また、ジャストガードは攻撃を受ける瞬間にLBボタンでガードして攻撃を跳ね返せますし、即浄は敵に気づかれずに背後から近づいて左トリガーを引けばほとんどのマレビトを一撃で倒せます。
コア引き抜きは敵の外殻を破壊して現れたコアを左トリガーで引き抜いて一気に倒せますし、弓や御札を使った攻撃も行えます。
本作の戦闘が単調という声も聞こえてきますが、オープンワールドアクションアドベンチャーゲームにおける戦闘と考えれば十分にバリエーションを持っていると言えるでしょう。
私も、ステルスアクションアドベンチャーゲームが好きなこともあり、ステルスを含めてどのように戦うかを考えるのが楽しく、戦闘が単調と感じたことはありませんでした。
座敷牢などは特に、マレビトが座敷牢に気をとられていることもあり、容易にマレビトの背後をとることができるため、即浄でマレビトを倒しまくるのは快感ですらありました。
こうしたオープンワールドを持つ本作はミッションクリア形式で進んでいきますが、大きく分けてメインミッションとサイドミッションがあります。

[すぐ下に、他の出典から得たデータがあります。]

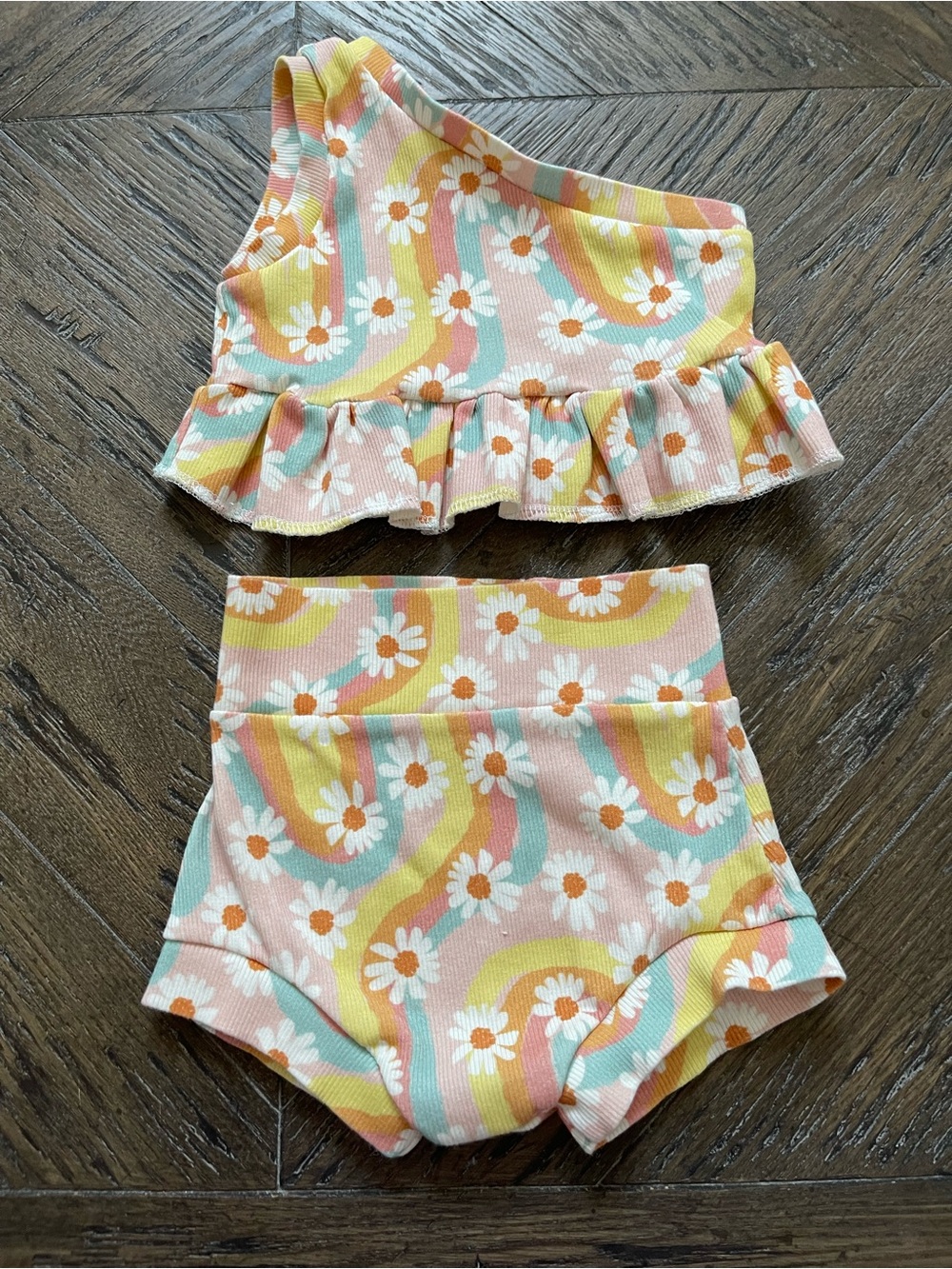 Toddler Girls Daisy Rainbow Ruffle Two-Piece Set Size 2T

メインミッションは、ゲームを進める上で欠かせないもので全6章あり、4章まではオープンワールドの中を移動しながらクリアしていきます。
サイドミッションは、メインミッションの進行に合わせてアンロックされていくもので、大々的なものもあれば、あっさりと終了するものもあります。
しかしながら、サイドミッションはメインミッションに比べると幽霊や妖怪、都市伝説などを題材にしたものが多いだけに、ぜひともすべてプレイしてほしいところです。

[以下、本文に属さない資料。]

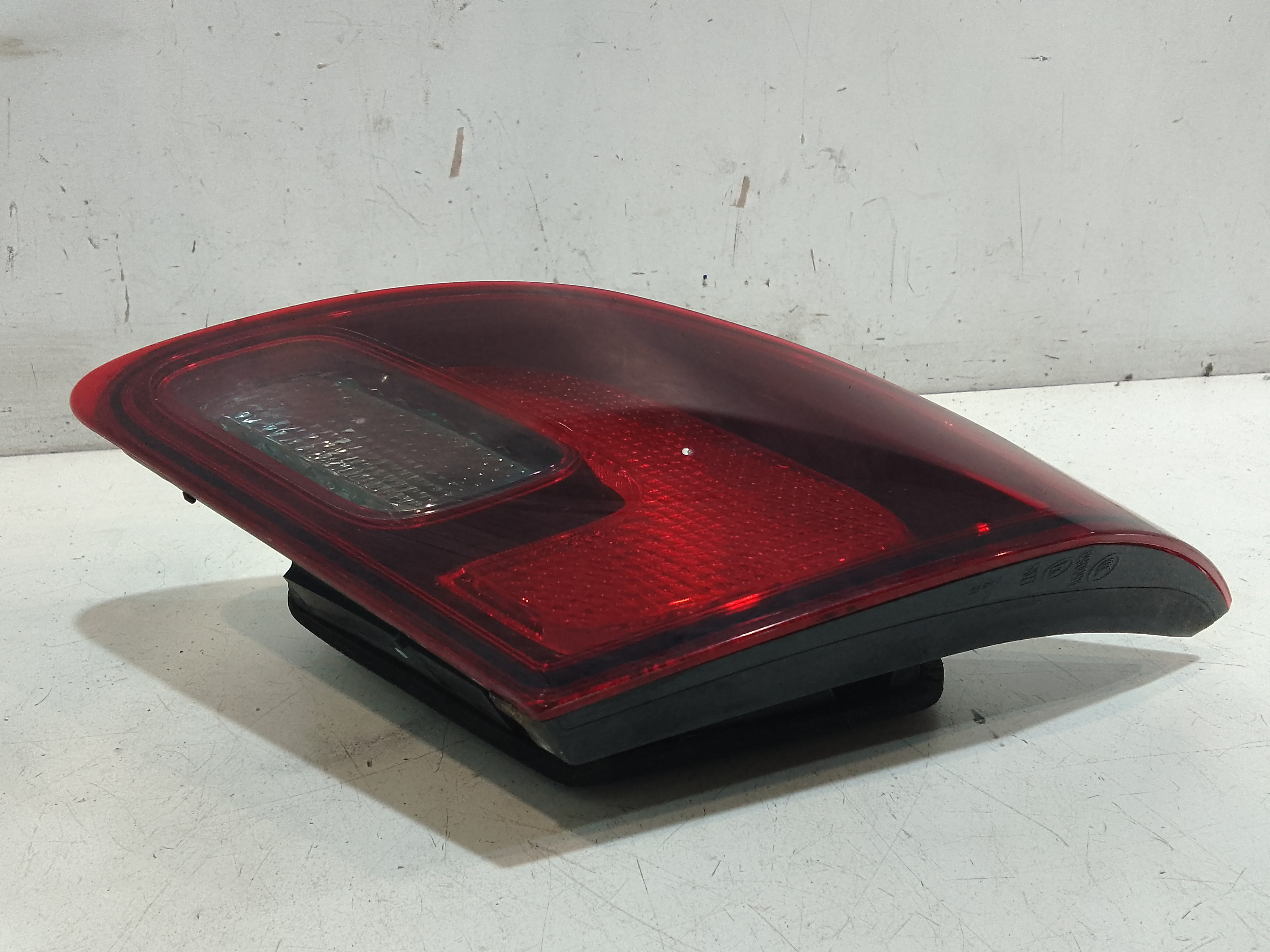 Stop Posteriore Destro Integrato nel Portello per Opel Astra J S. Wagon (2011 - In produzione)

メインミッションもサイドミッションも、KKのリードとアドバイスで進行するのですが、これが格好のガイド役になっています。暁人とKKの掛け合いも面白おかしく、物語に彩りを添えています。
また、収集系だけでも、勾玉を40個以上手に入れる、すべての御札を手に入れる、すべてのタヌキを探し出す、すべての名所を発見する、すべての地蔵を拝む、すべての種類の飲食物を手に入れる、収集品をすべて手に入れる、カプセルトイに50回以上挑戦する、すべてのコスチュームを手に入れる、すべてのボイスログを手に入れる、すべての楽曲を手に入れる、すべての数珠を手に入れる、すべての種類のマレビトをそれぞれ1体以上倒す、とやることは盛りだくさん。

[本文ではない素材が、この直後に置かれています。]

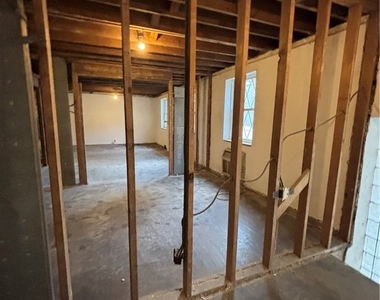 4825 Butler St. (to Lease) - Photo Thumbnail 6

これらを全部やるのは大変ではありますが、それだけこの世界を奥深く知ることができ、その過程で幽霊の転送やシンクロレベルの上昇、スキルの開放も行えるため、やらない手はないでしょう。
ストーリーは重厚かつ軽妙で、メインミッションの重苦しい雰囲気の中で前述した暁人とKKの掛け合いが緊張をほぐすものになっており、そこにKKの調査チームである凛子やエドが絡んできます。
凛子は、チームの現在のチームリーダーです。失踪した友人であるエリカを探しながら拠点から支援してくれる存在で、サイドミッション「終わりのその先で1-3」の依頼主でもあります。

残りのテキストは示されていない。